They called them insulae meaning "islands". They had no concept of fire escapes, and barely any plumbing (despite this image of Roman engineering). They really were the harris end of Roman architecture.
They called them insulae meaning "islands". They had no concept of fire escapes, and barely any plumbing (despite this image of Roman engineering). They really were the harris end of Roman architecture.
> barely any plumbing (despite this image of Roman engineering)
Nobody in their right mind would have even wanted plumbing in their home at the time.
Plumbing of the time was not airtight - this was before cheap metal and S-traps. So any drainage would be a highway for noxious odors and gasses right into your home.
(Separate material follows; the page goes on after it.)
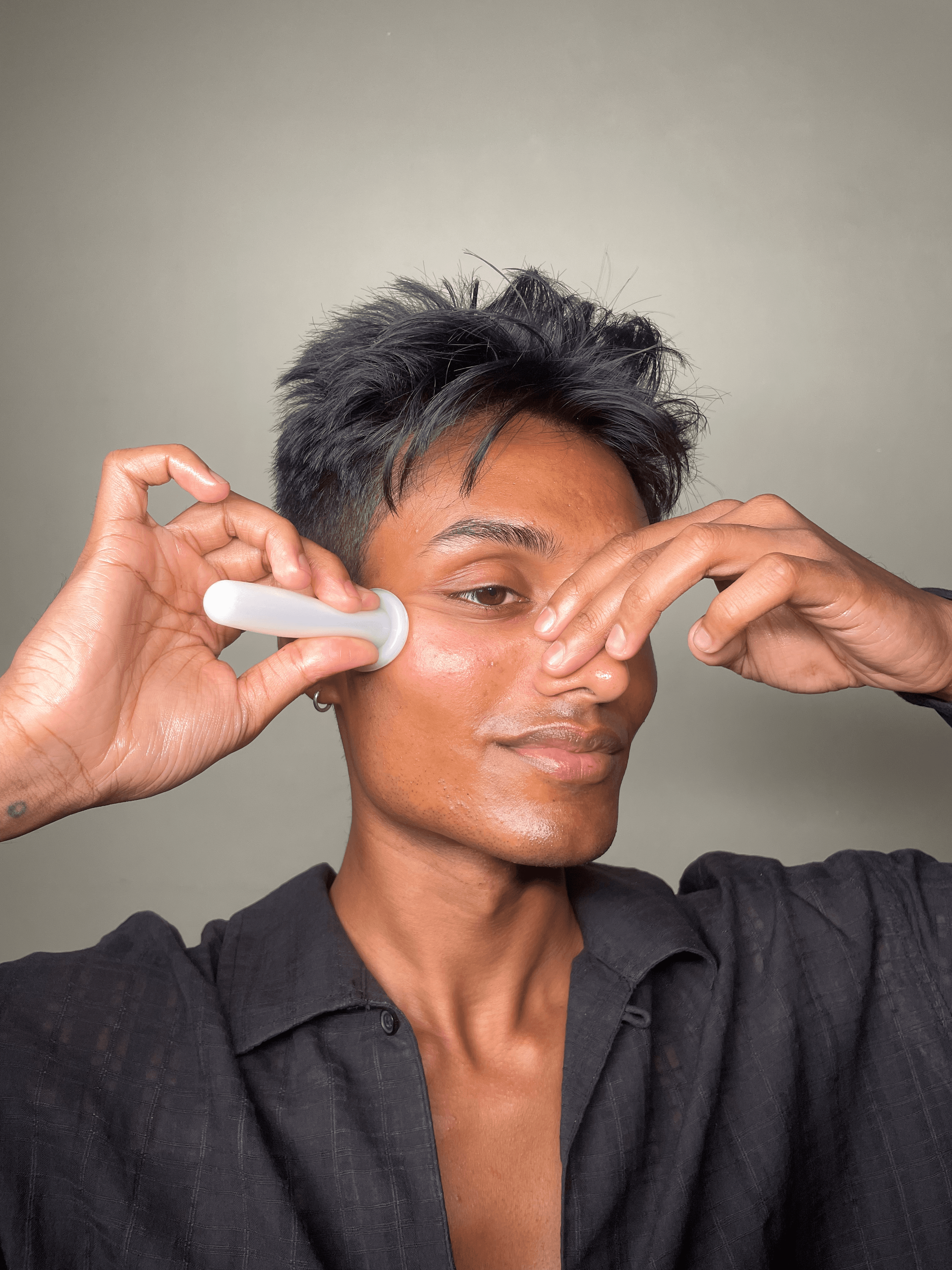 Facial Gua Sha: smoothing the cheek with acupressure point activation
Bringing in fresh water would only be marginally useful without some sort of drainage.
Outbuildings persisted in the West for a while after modern plumbing because unless you are acclimated to it, the very idea of bringing refuse facilities into the home goes against every natural human instinct.
> the harris end
I guess that's the rear (or arse) end, if anyone else is puzzled and doesn't have a couple of spare minutes to chase it down ...
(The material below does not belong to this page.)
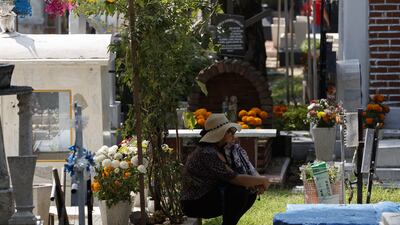 Hundreds of people honour their dead relatives at the Xilotepec Pantheon, in Mexico City. EPA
>> top floors were the least desirable. Poorer residents occupied the upper story.
Some writers placed Julius Caesar's aristocratic but down at the heel family in the lower floors of a Subura tenement, but apparently it really was a house.
> top floors were the least desirable. Poorer residents occupied the upper story.
This remained true in Western cities until elevators became widespread in the late 1800s. In New York city, for example, buildings didn't reach above 6 floors because even the poorest people would not walk up more stairs. Street level was frequently retail space, next floor up might be office space, everything higher was residential. Until Otis showed how to make a safety brake.